■ Data records ■
☆ ☆ ☆ ☆

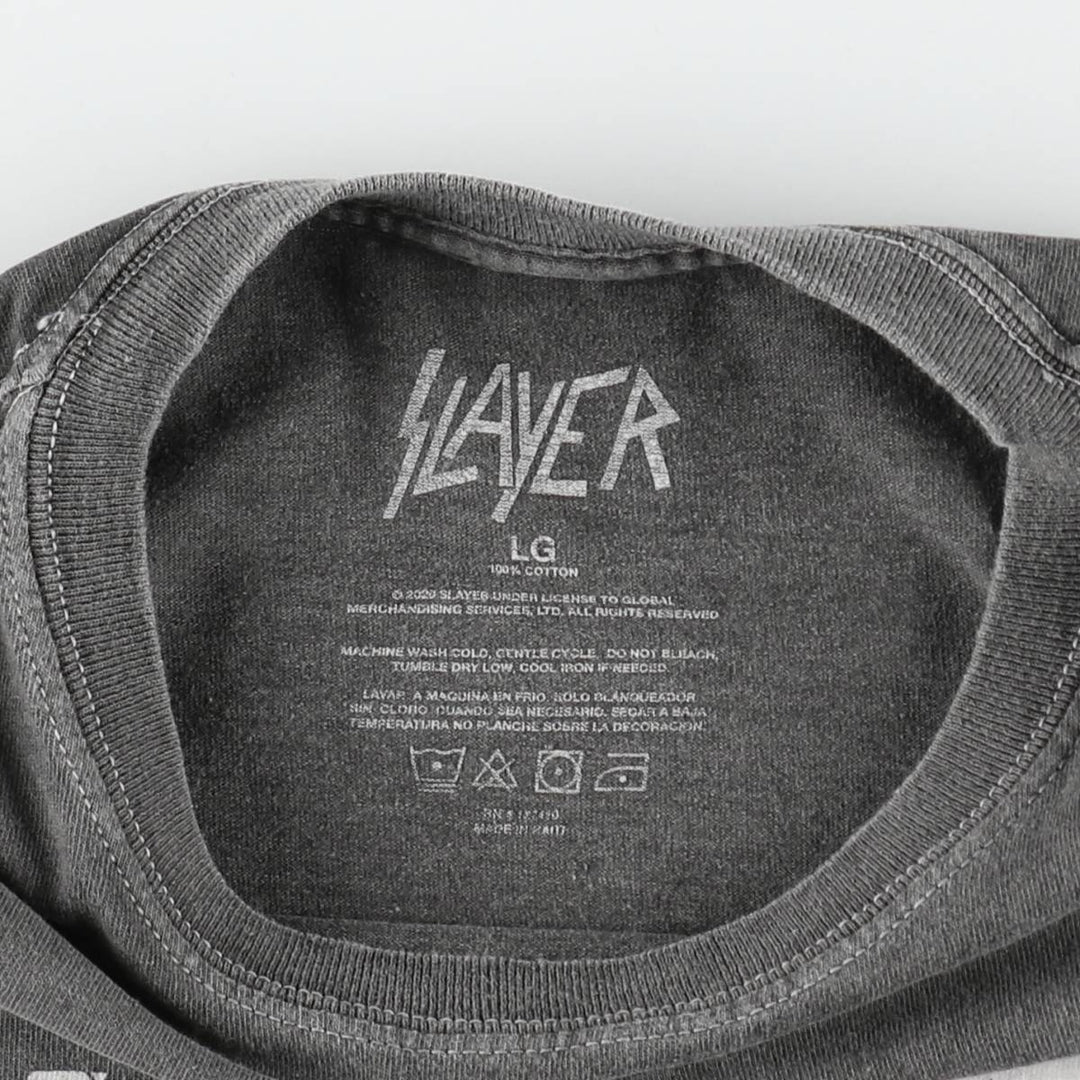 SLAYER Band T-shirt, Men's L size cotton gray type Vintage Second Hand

☆ ☆ ☆ ☆

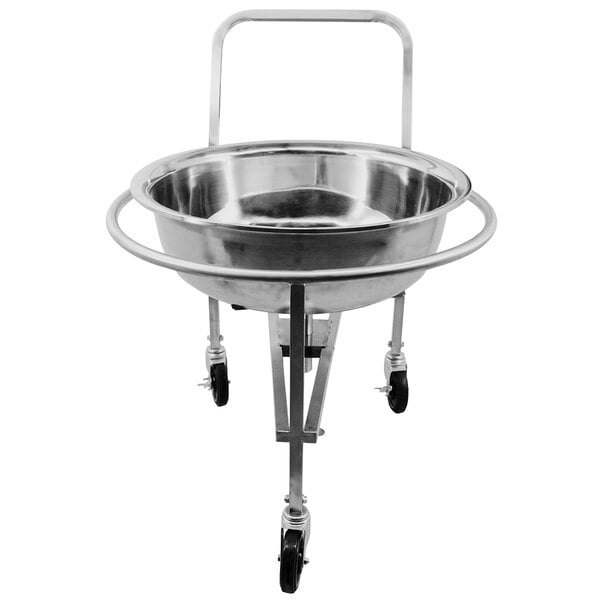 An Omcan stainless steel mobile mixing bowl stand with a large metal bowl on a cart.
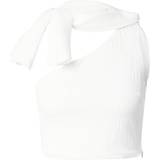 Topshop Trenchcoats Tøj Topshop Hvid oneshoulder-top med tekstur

☆ ☆ ☆ ☆

■ Task requirements ■
Output exactly the lines of the listing above that start with the one holding "An Omcan stainless" and go on through the one holding "Topshop Trenchcoats Tøj"; leave the pictures out.

■ Finished task ■
 An Omcan stainless steel mobile mixing bowl stand with a large metal bowl on a cart.
 Topshop Trenchcoats Tøj Topshop Hvid oneshoulder-top med tekstur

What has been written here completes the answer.